Local Enterprise Partnerships – we have to get this right
22 Sep 2010
Source: Public Servant
With cuts looming, private sector growth is more vital than ever but regional economic growth could be hamstrung for another generation if LEPs don't deliver.
Last week saw the deadline for applications to form Local Enterprise Partnerships, the new bodies destined to replace Regional Development Agencies and be charged with promoting economic development and private sector jobs growth. In all, government received 56 proposals from around the country and ministers are reporting that they are impressed by the level of innovation and radicalism contained in many. But with a large number of proposals based around rather small local geographies it is hard to see how this praise extends beyond a select few.
The drive to create Local Enterprise Partnerships is based on the idea that local economies develop around a 'natural economic geography'. The size and nature of such geographies is clearly open to debate as the boundaries of different markets – labour, housing, commodities – are fuzzy. But the government's expressed desire is to move away from the artificial political units that were the English regions to something more relevant to business and commercial interests.
In the North East, for example, there are five separate proposals which in simple terms look too small and factional to make good economic sense and will once again leave the region trailing as Greater Manchester and Leeds steam ahead.
There may well be a case to make for Tees Valley or Newcastle Gateshead as centres of employment, but their hinterlands are much wider than their LEP boundaries suggest and their connections to the wider regional economy are too important to overlook. The prospects of Sunderland & South Tyneside, Northumberland & North Tyneside or County Durham going it alone in the context of the national – let alone global – economy are bleak which is why, no doubt, business interests have rallied around with a hasty plan to create a separate non-LEP North East Enterprise Partnership. If the North East is going to punch its weight in climbing out of recession and dealing with public sector dependency then at the very least it needs size and scale.
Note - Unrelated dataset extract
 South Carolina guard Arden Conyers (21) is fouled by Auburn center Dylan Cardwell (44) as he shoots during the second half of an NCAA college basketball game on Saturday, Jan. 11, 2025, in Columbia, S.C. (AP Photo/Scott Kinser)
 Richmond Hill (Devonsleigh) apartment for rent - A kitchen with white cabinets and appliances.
This problem extend to other areas of the country where the debate about natural economic areas seems to have been superseded by political rivalries ultimately reducing LEP geographies to the smallest politically workable unit.
So why such a mess? The roots of the problem lie in contradictions at the heart of the coalition government's plans. While it wants LEPs to cover natural economic geographies, there is an ideological loathing of all things regional. In the North East this poses a conundrum as the most 'natural' economic area of sufficient scale probably is the region. It would appear that ideology has won the day as North East local authorities were warned off submitting a whole North East proposal. But rather than exposing and challenging this contradiction, local leaders exacerbated the problem: one by one, breaking away from a more meaningful economic geography. Ironically, the five LEP proposals now presented to government are probably more artificial political units than the region ever was at a time when a show of unity is probably the region's best hope of recovery.
This week ippr north published its own four tests for Local Enterprise Partnerships which ask other questions such as whether they are demanding the appropriate powers and functions and how far they have addressed issues of governance and accountability, but if they cannot even pass the first test of being of suitable scale, regional economic growth would appear hamstrung for another generation.
So what will happen now? If government sees sense it will surely send many proposals back to the drawing board: knocking together the heads of those politicians who appear unable to share the same room and strengthening the resolve of business leaders to develop economic plans at the scale that their economies deserve.
In the North East, as a compromise, and to appease those who fear the ghost of the Regional Development Agency, Tees Valley could perhaps do its own thing, but with strong 'cross-border' working. But now is the time to bury differences, hold government to its commitments to decentralised decision-making through leading not pleading, and do the right thing for the people and businesses of the North of England. With cuts looming, private sector growth is more vital than ever, we have to get this right.